We’ve recently been invaded by spiders. I’m told that this is normal for this time of year in Hilo, but having either lived in an apartment well above ground level or having been completely oblivious to my surroundings, I’ve never noticed. When I walk down to the mailbox to get the paper in the morning, I have to hold my hand in front of my face to avoid getting a mug full of sticky web. I hope my neighbours don’t think I’m daft.
I suppose I haven’t had much experience in the arachnid set before, but I hadn’t realized just how sticky spider webs can be. They’re not like the movies where people walk into them, wave their hands around a bit going “ack ack ack” and presto, they’re free of web. No, I walk into them, stumble backwards waving my hands around like I’ve been struck by lightning going “ack ack ack” and presto, there’s a spider living in my hair. Fifteen minutes later I’m still picking bits of web off my ears, my arms, and my neck.

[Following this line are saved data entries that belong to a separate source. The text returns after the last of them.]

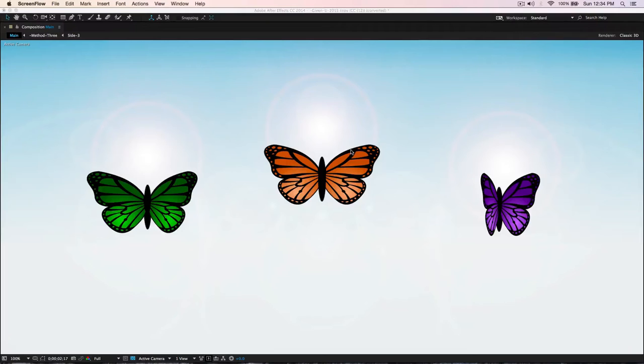Hi, this is Orlando from Nero Studio with another quick tip for After Effects — animating butterflies and birds. After watching a lot of projects on YouTube and also working with projects animating butterflies and birds,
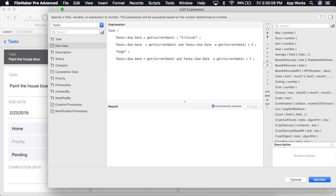If that is true, we're going to return a result of medium priority. And last but not least, as a backup, when all else fails and everything returns false, we will return the result of low priority.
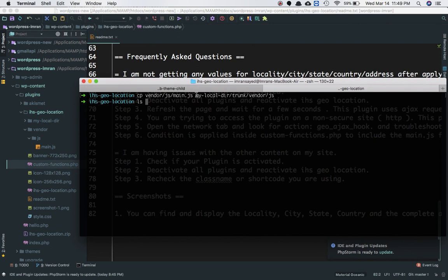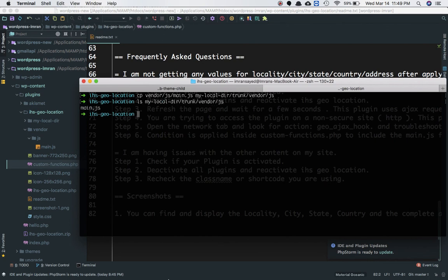Let's confirm everything is there by running ls on the trunk directory - all files are present. So far we've copied the main PHP, JavaScript, and style.css files into the trunk directory. In the next video we're going to learn how to move the screenshot.png, banner, and icon.png into the assets folder. I don't want to make the video too long - see you guys.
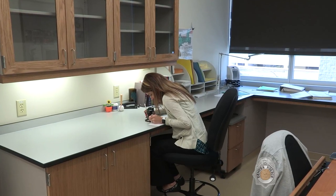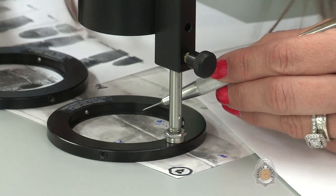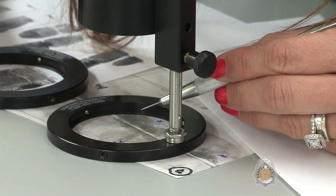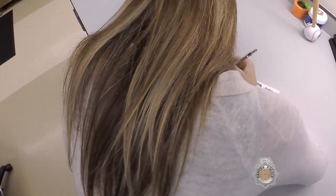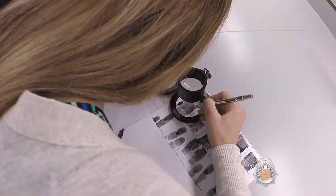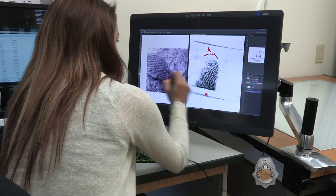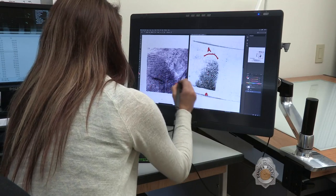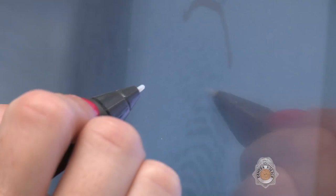If an identification appears likely, the examiner then completes a manual comparison of the latent print to the known print from the database. While there are many tools to assist the latent prints unit in identifying print matches, this final manual comparison is always completed by an expertly trained latent print examiner.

And these aren’t regular spiders either. Most spiders, as far as I’m aware, have eight legs and nasty-looking eyes and pincers. These spiders just look like little blobs. I don’t think they have legs. I don’t know how they get around, other than perhaps by hitchiking with people when their webs get tangled up in some poor human’s head.
Sure, we’ve got regular spiders. The ones we have are the take-no-prisoner ones. They’ve got legs aplenty. They’re the tough ones that put a nice white stripe of solid silk down the middle of their webs so birds won’t fly into them. The spiders aren’t worried about their webs getting ruined by birds, they just know that they’re so badass that they could actually take down a bird if it flew into their web, but they’re not greedy. They know they don’t need a whole bird to feed off of, so they tell the birds to just stay away. Smart, that.
But these blob spiders, they don’t have any sense at all. There’s one section of our back yard above our shed where there are twenty-six webs all strewn about a tiny volume. I went out and counted. The spiders in the middle, don’t they realize that they’re never going to catch anything? It reminds me of my rugby-playing days in high school. See, I never wanted the ball because I knew I’d get clobbered, so whenever my team had possession I’d run to the other side of the field. Far wide wing out, I think the position’s called. I always made sure there were plenty of teammates between me and the ball, and I never got clobbered. Sure, I only got a C+ that term, but that’s beside the point.
Now that, that’s smart. But when you’re a spider, you don’t want anything between your web and the bugs flying around. If you don’t get the bugs, you don’t eat. And generally, as far as I know, if you don’t eat you don’t live very long, which doesn’t seem all that good to me. But then again, a few spiders not living as long as possible does seem very good to me, if it means I can stop wearing a web facemask each morning.